NuScale on financial hot seat
The US Department Of Energy’s (DOE) poster child for new Small Modular Reactors (SMR), NuScale Corporation, is on the financial hot seat following a report issued by Iceberg Research on NuScale’s announcement that it has cut a deal for 24 units of its latest but still uncertified 77-megawatt pressurized water reactor design. Iceberg Research is alleging that NuScale has contracted with an alleged “phony client”, Standard Power, another startup limited liability corporation merging industrial scale cryptocurrency and nuclear power that has “zero chance of being executed.”
Iceberg Research is a recognized investments investigator who describes it’s goal as “Revealing financial manipulation and accounting frauds.” This investigation could very well send a shock wave through the entire new reactor sector as legal investigations are being launched on behalf of NuScale investors. NuScale Corp went public on the New York Stock Exchange on May 2, 2022 under the ticker “NYSE: SMR.” Since then, its value has plummeted by more than 75% from a 2022 high point.
On October 6, 2023, NuScale announced a new reactor deal that Iceberg Research in turn labelled a “delusional contract” for a $37 billion purchase for 1,848 MW electric of new reactors for one end user, Standard Power, a US startup cryptocurrency data miner looking to develop projects in Ohio and Pennsylvania. Iceberg Research’s report lists Standard Power as having 30 employees and flagged the company’s management with warnings “investors beware.”

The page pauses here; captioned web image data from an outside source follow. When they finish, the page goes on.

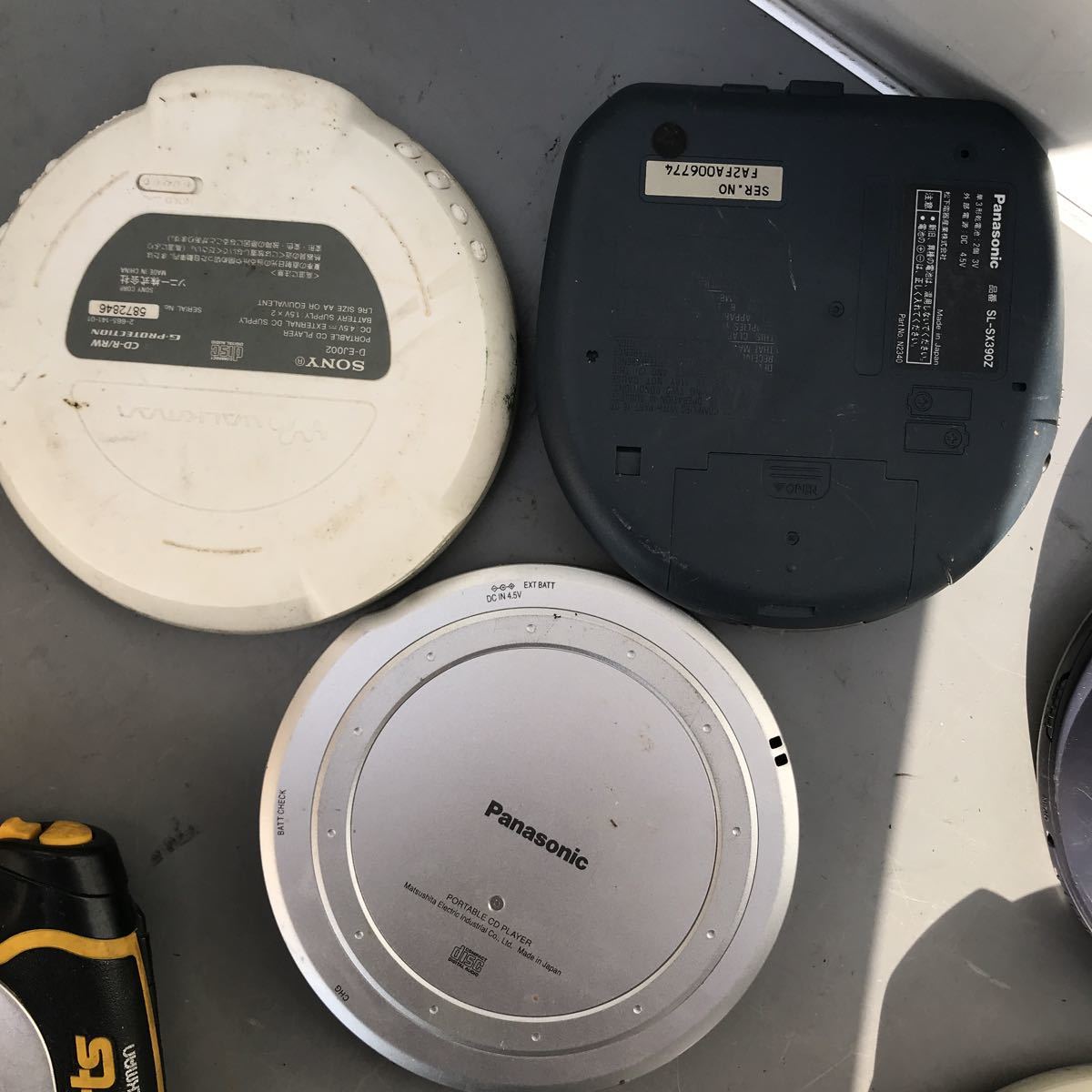 中古品 Panasonic SONY CDプレーヤー ままとめて 発送サイズ80cm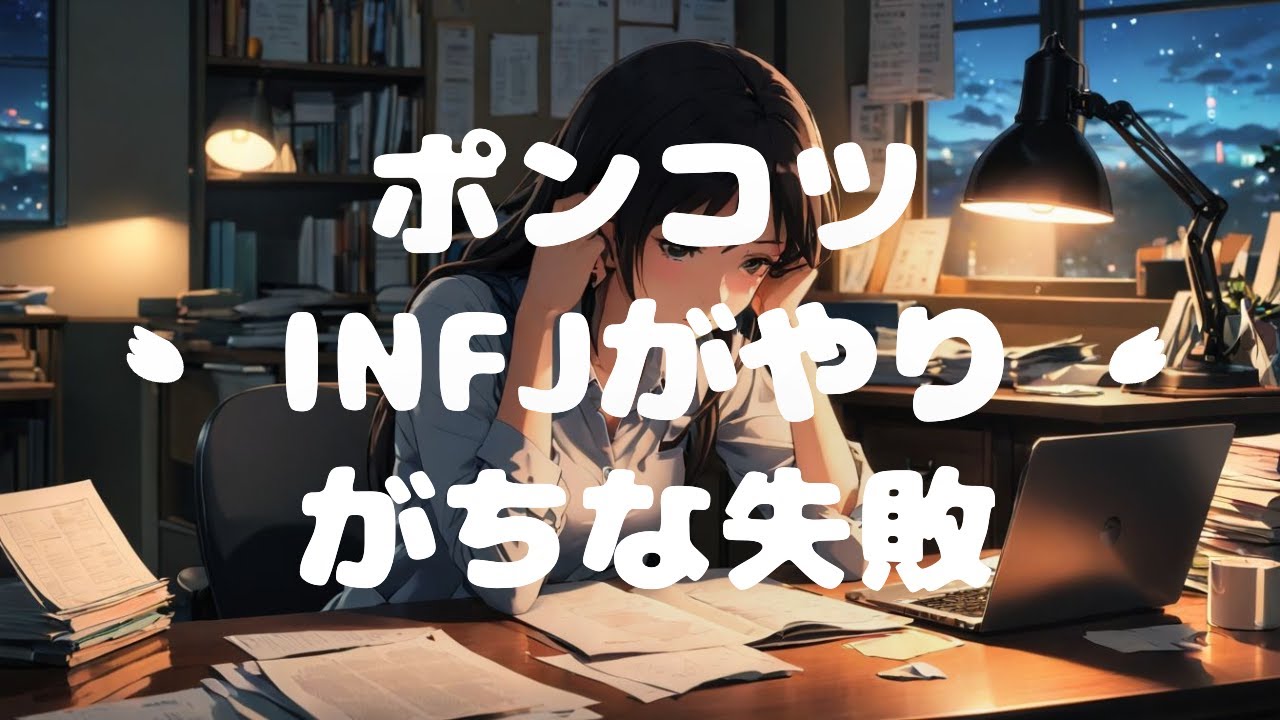 【INFJ】ポンコツINFJがやりがちな失敗5選・意外と抜けている？？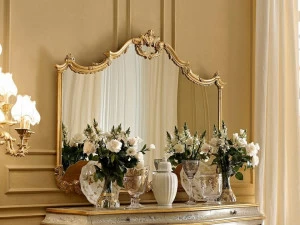 Andrea Fanfani Настенное зеркало сусальным золотом Opera 1126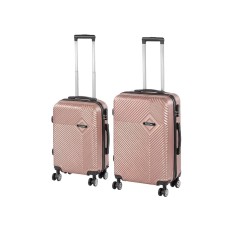 Set de valize cu roți TraveLux Pro IX, culoare roz-auriu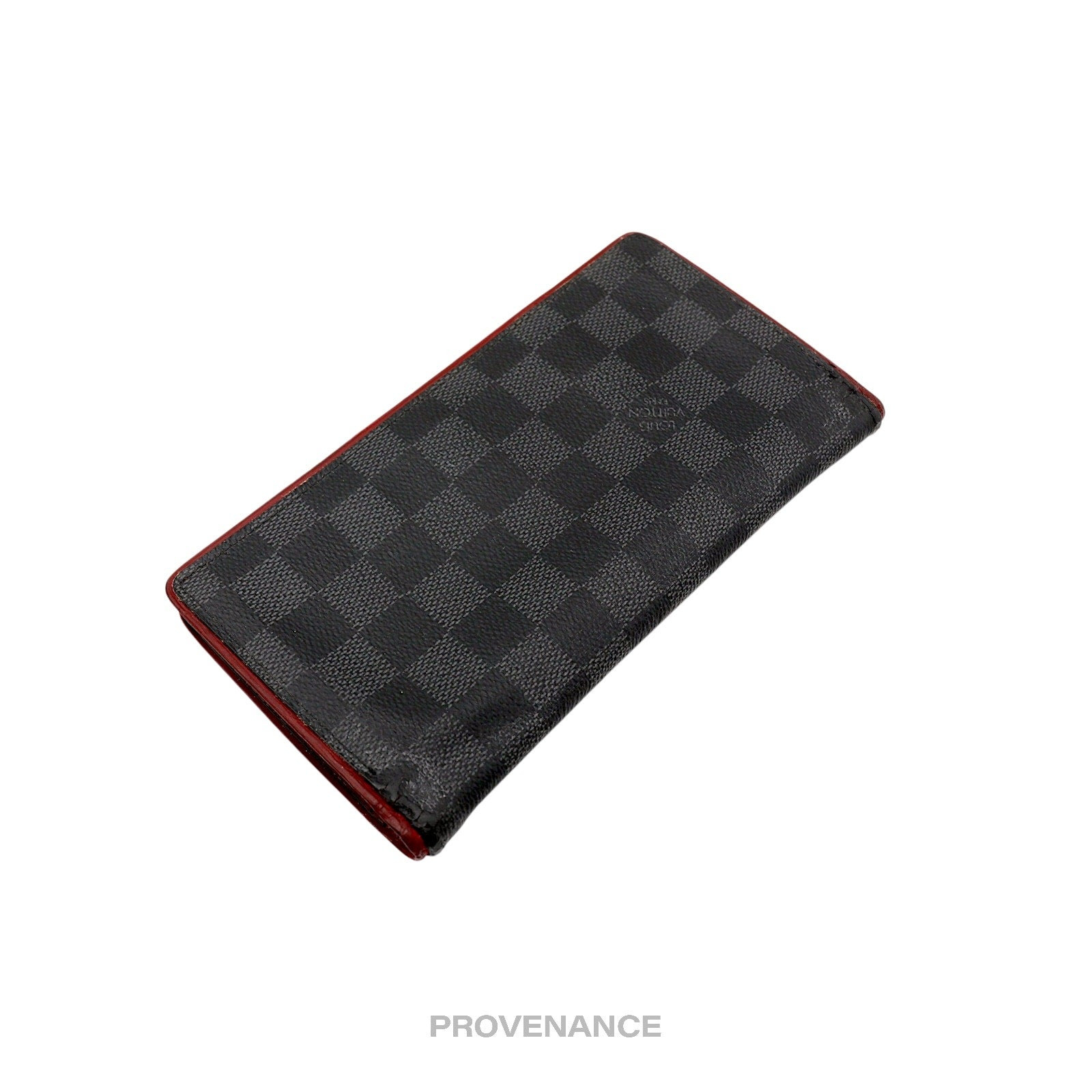 Louis Vuitton Brazza Long Wallet - Damier Graphite Red - 4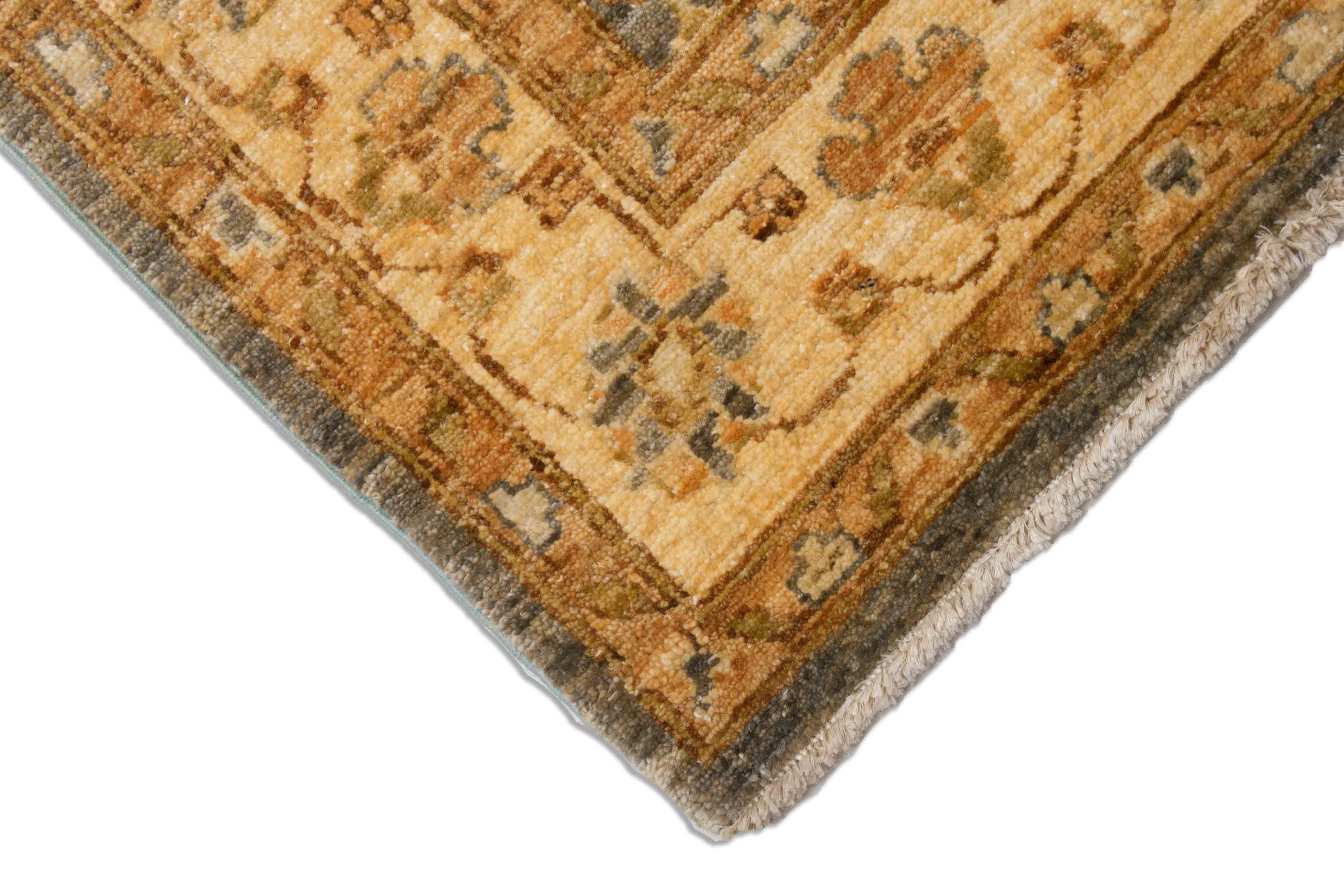 Eine Fotoaufnahme eines Farahan Teppichs.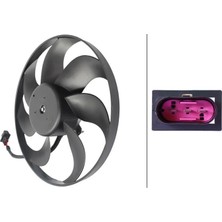 Hella Fan Motoru Vw Polo - Cordoba - Fabia Amf - Ahw 1.4 16V - 1.4 Tdı 1999-1999 6X0959455C
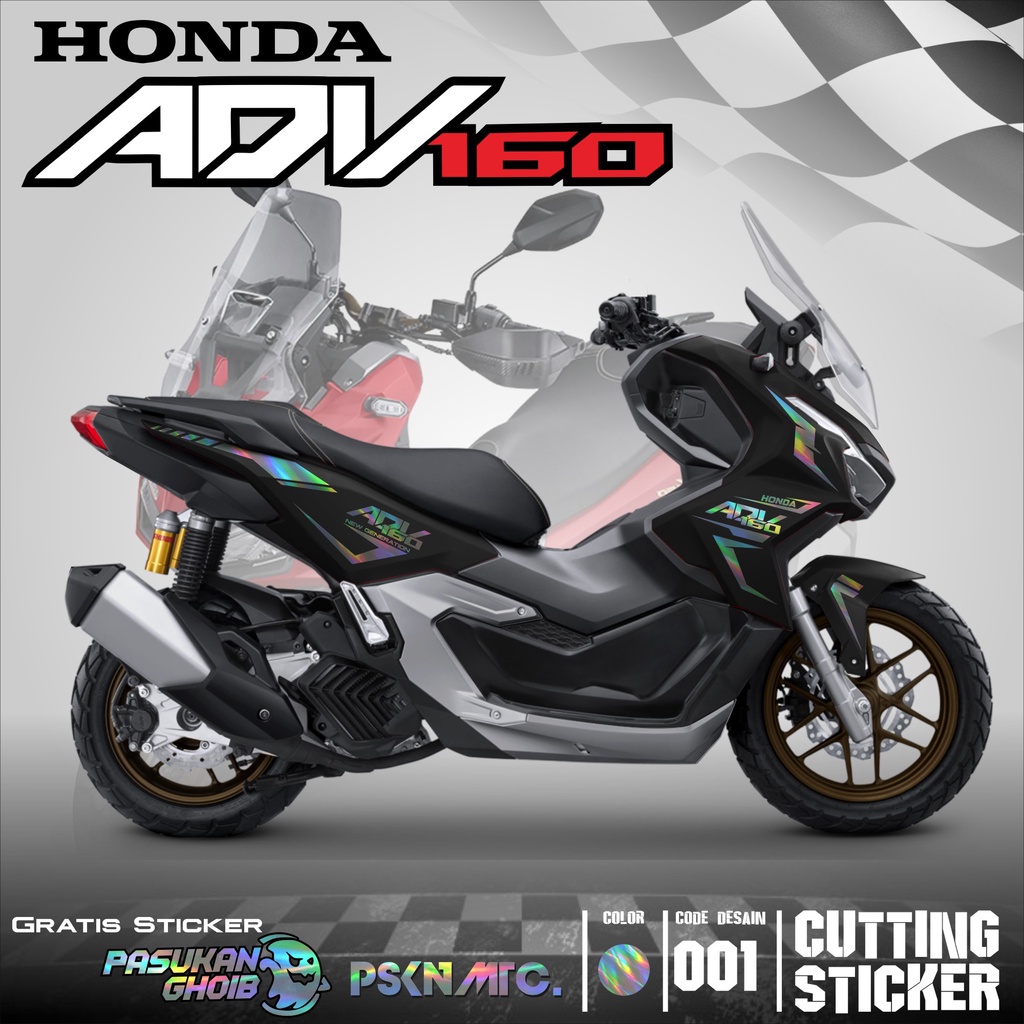 Cutting Sticker ADV 160 - Motorcycle Accessories Sticker Honda ADV New ...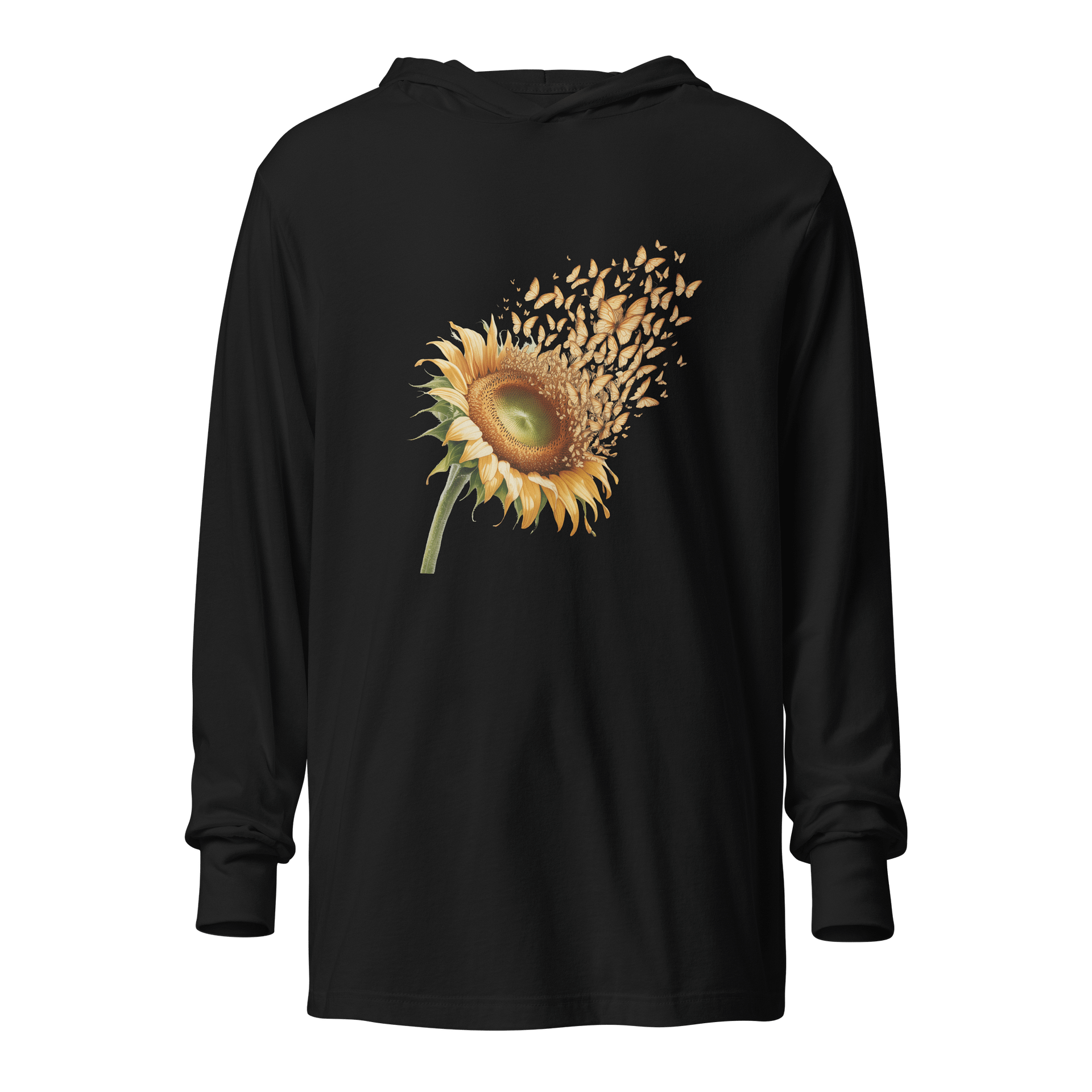 Sunflower Butterfly Hoodie product image (1)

Standard Power’s CEO Maxim Sereshin is identified with an outstanding $54 million tax warrant in the State of New York indicating the failure iof his firm (Aurelian Global Holdings) to fulfill its tax obligations. The company’s former Managing Director Adam Swickle, a former CEO of United Currency Group, from May 2001 to December 2002, conducted a fraudulent offering of securities based on misleading information. He further lied to an FBI agent posing as an investor. The legal judgement against him ordered Swickle to pay back $483,989, plus $107,842 in interest, and a $120,000 fine. But Iceberg Research further disclosed that Swickle has a history of not paying previous court-ordered judgements. Iceberg Research also reports that Standard Power’s Chairman of the Board, Douglas Wurth is also the Chair of a diagnostics/medical device company, Bluejay Diagnostics. The report points out that Bluejay Diagnostics’ “financials are dismal”, further noting that its Certified Public Accountant, the Boston-based Wolf and Company, in its 2022 audit had found that company’s “ability to continue as a going concern.”
NuScale’s other commercial partner Entra1 in the Standard Power reactor enterprise would develop, manage, own, and operate the NuScale SMRs with Standard Power being the end-user as the blockchain datacenter service provider. Iceberg Research traced Entra1, a Delaware-based to connections to Fluor Corporation, a leading US nuclear weapons manufacturer and NuScale controlling investor.
The NuScale’s “delusional” deal with Standard Power is not its only concern for its shaky financials that could shape up to be atomic power’s next collapse of its house-of-cards. Iceberg Research also describes that NuScale’s has walked itself out onto a plank with its first and only other US reactor power agreement for a site courtesy of the federal government’s Idaho National Laboratory to construct six more of these 77 MWe mirage units for a 462 MWe deal with the Utah Associated Municipal Power Systems (“UAMPS”). UAMPS is a western states consortium that supplies wholesale electricity to around 50 western municipalities. NuScale is having trouble holding the consortium’s power purchase agreement together following a number of municipal power defections, the latest choosing to turn instead to solar power and storage development. As of March 2023, NuScale subscriptions for power purchased have fallen to 27 cities representing around 26% of the projected output. Time is running out for NuScale to meet its contractual agreement with UAMPS subscribers to keep the project’s Levelized Cost of Energy (LCOE) to under $89/MWh and develop a strong power subscription of 80% by February 2024. After that the consortium could exercise its option to pull the plug. But again, by last accounts, NuScale is nowhere near the 80% subscription rate (370 MWe) with only 116 of the proposed 462 MWe.
The Iceberg Research report concludes its assessment of the NuScale and Standard Power venture for the world’s presently largest SMR project with “Taking these factors into consideration, it appears that Standard Power does not have the balance sheet to support this contract, both in the present and in the future.”
Their report further concludes, “NuScale’s delusional contract with Standard Power seems more like an act of desperation to shore up investor confidence, rather than a strategic move. The company is struggling and we believe its equity has little to no value without government support. Even if that support continues, the DOE’s usual policy is that costs have to be shared with the private sector, meaning that existing shareholders will be diluted.”
Not surprisingly, on October 24, 2023, NuScale replied to the Iceberg Research report as “inaccurate.”